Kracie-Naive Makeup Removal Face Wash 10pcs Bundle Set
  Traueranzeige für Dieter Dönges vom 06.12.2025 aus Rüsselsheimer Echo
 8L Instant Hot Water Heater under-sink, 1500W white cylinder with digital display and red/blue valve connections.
---
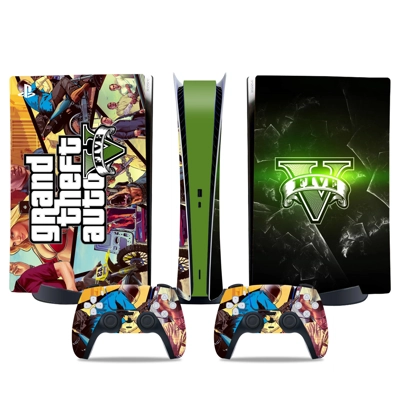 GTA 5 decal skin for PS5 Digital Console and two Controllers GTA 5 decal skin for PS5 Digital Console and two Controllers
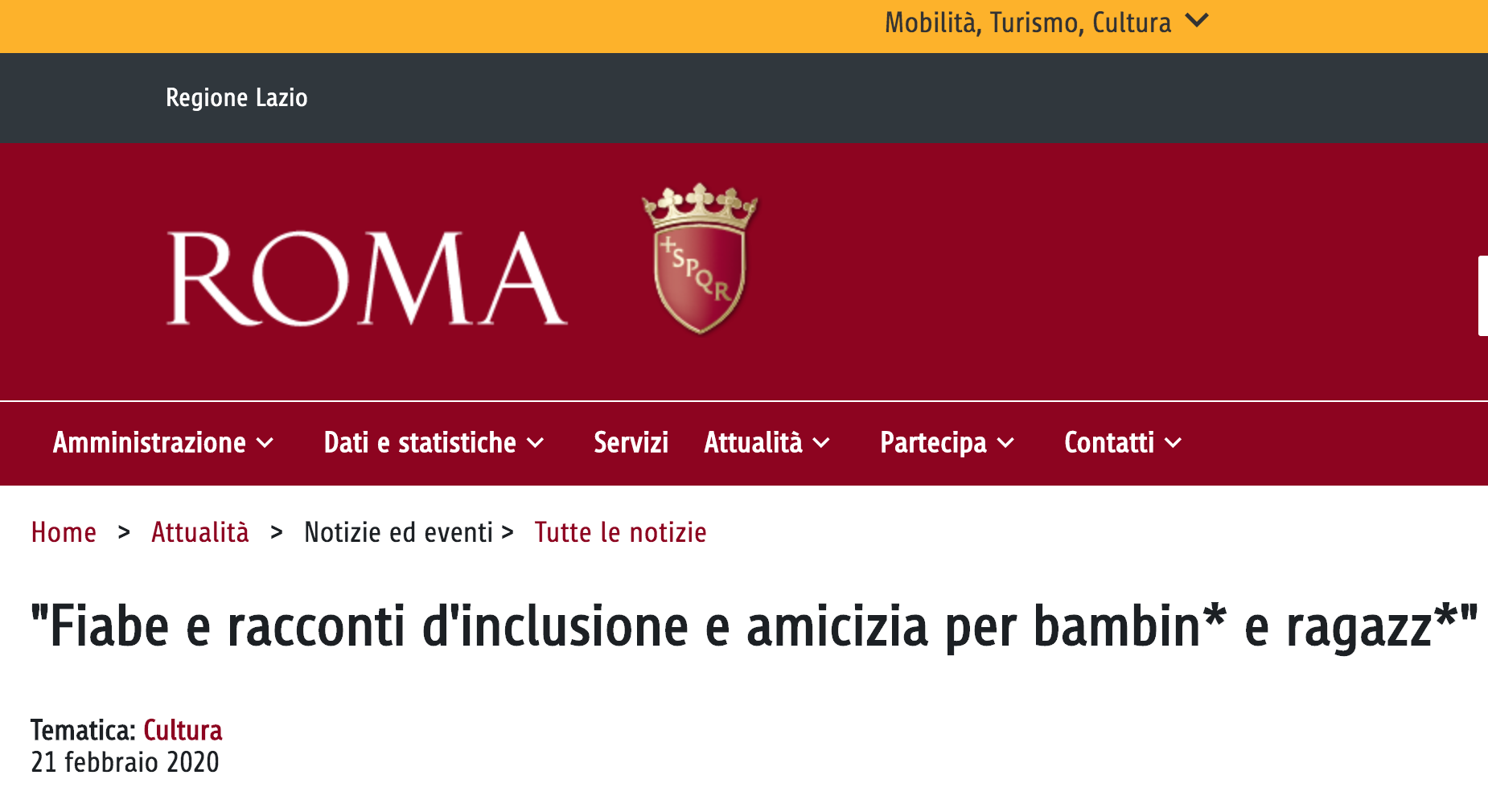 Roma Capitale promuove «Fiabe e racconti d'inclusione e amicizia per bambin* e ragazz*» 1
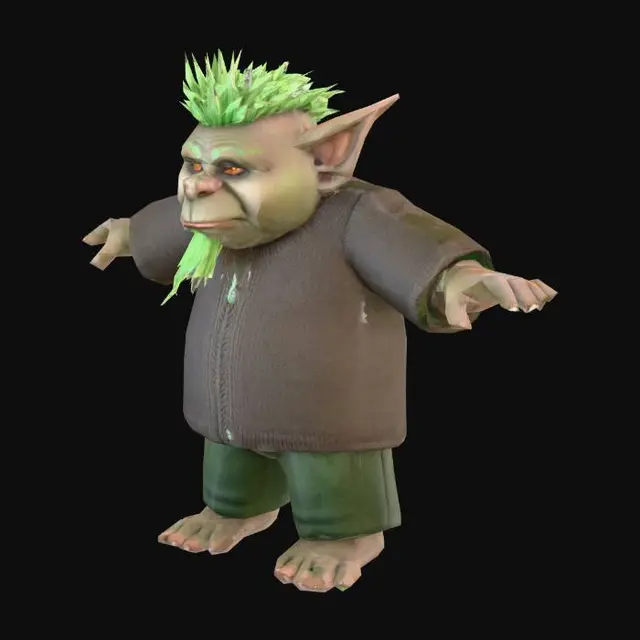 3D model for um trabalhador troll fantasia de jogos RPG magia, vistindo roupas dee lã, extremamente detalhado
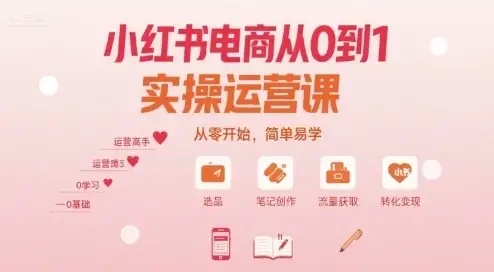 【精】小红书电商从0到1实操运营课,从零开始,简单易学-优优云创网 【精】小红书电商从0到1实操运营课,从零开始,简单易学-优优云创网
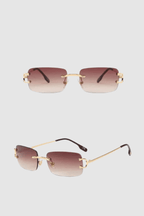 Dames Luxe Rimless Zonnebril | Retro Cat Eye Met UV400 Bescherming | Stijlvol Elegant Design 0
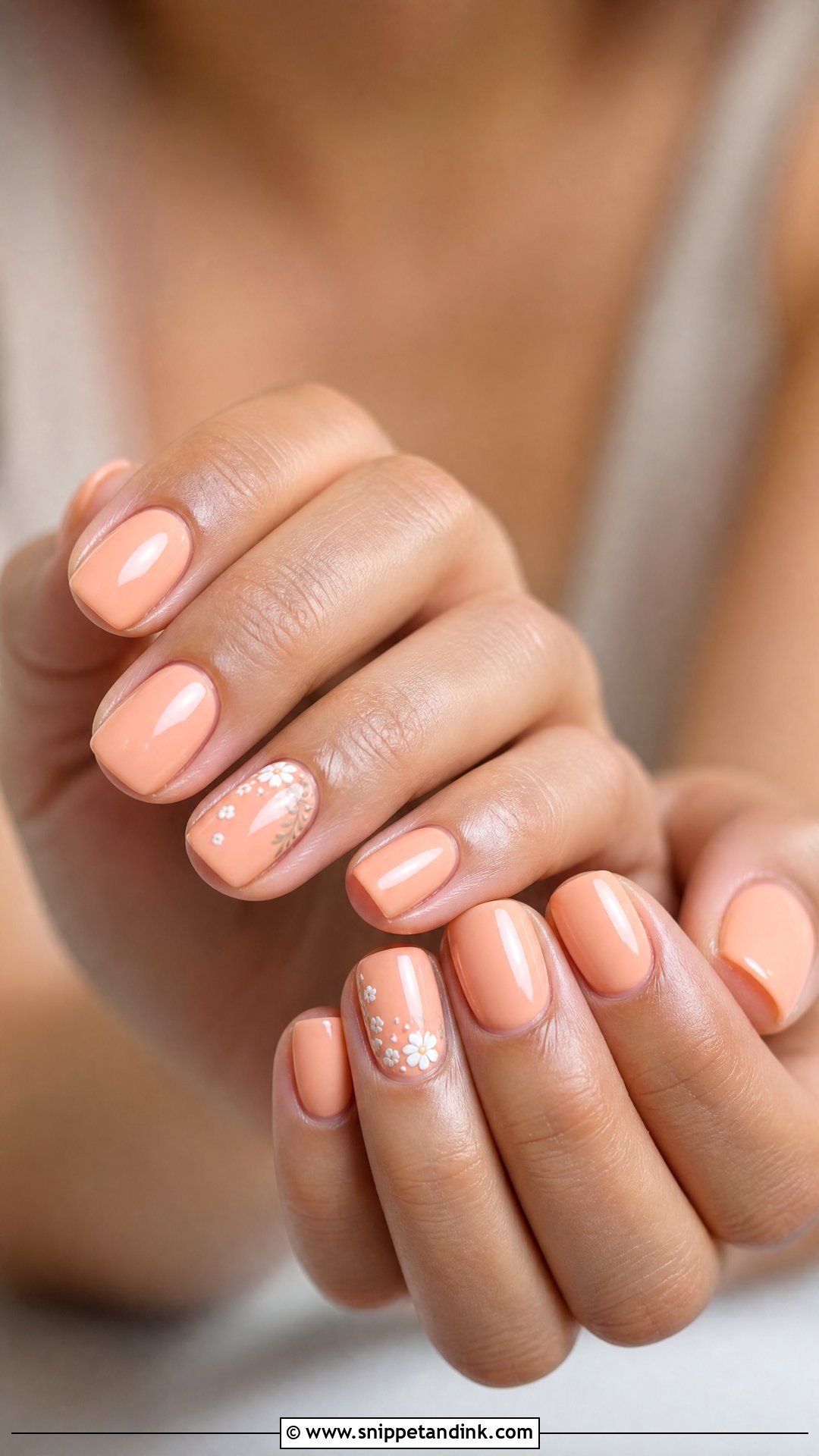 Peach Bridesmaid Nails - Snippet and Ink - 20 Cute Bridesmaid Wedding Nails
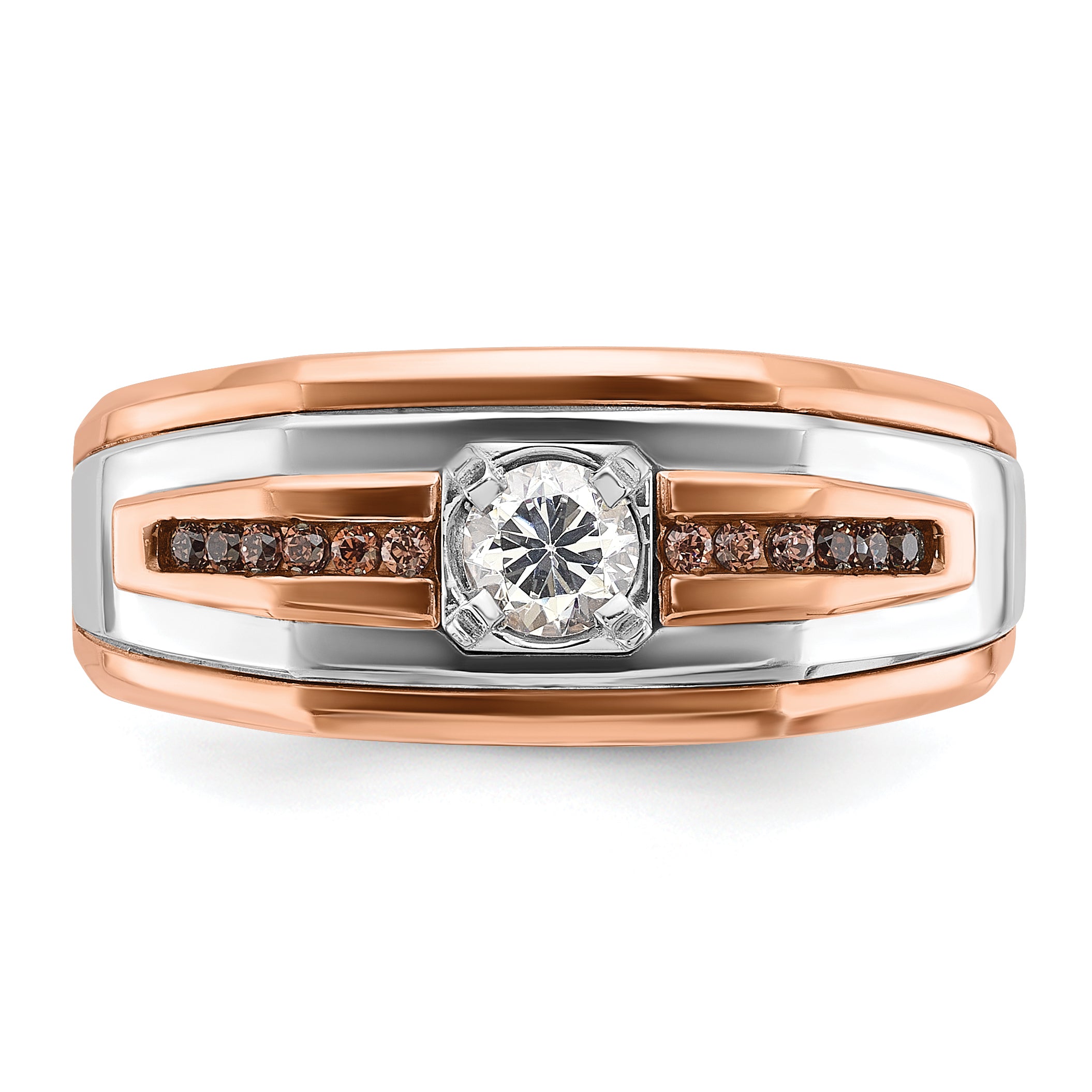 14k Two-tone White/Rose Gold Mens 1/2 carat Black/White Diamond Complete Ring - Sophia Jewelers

**TASK ITEM**: In the entries above, find the line holding "Kracie-Naive Makeup Removal" and the line holding "8L Instant Hot"; print both of them and every line between, exactly, and nothing else.

**SOLUTION**:
Kracie-Naive Makeup Removal Face Wash 10pcs Bundle Set
  Traueranzeige für Dieter Dönges vom 06.12.2025 aus Rüsselsheimer Echo
 8L Instant Hot Water Heater under-sink, 1500W white cylinder with digital display and red/blue valve connections.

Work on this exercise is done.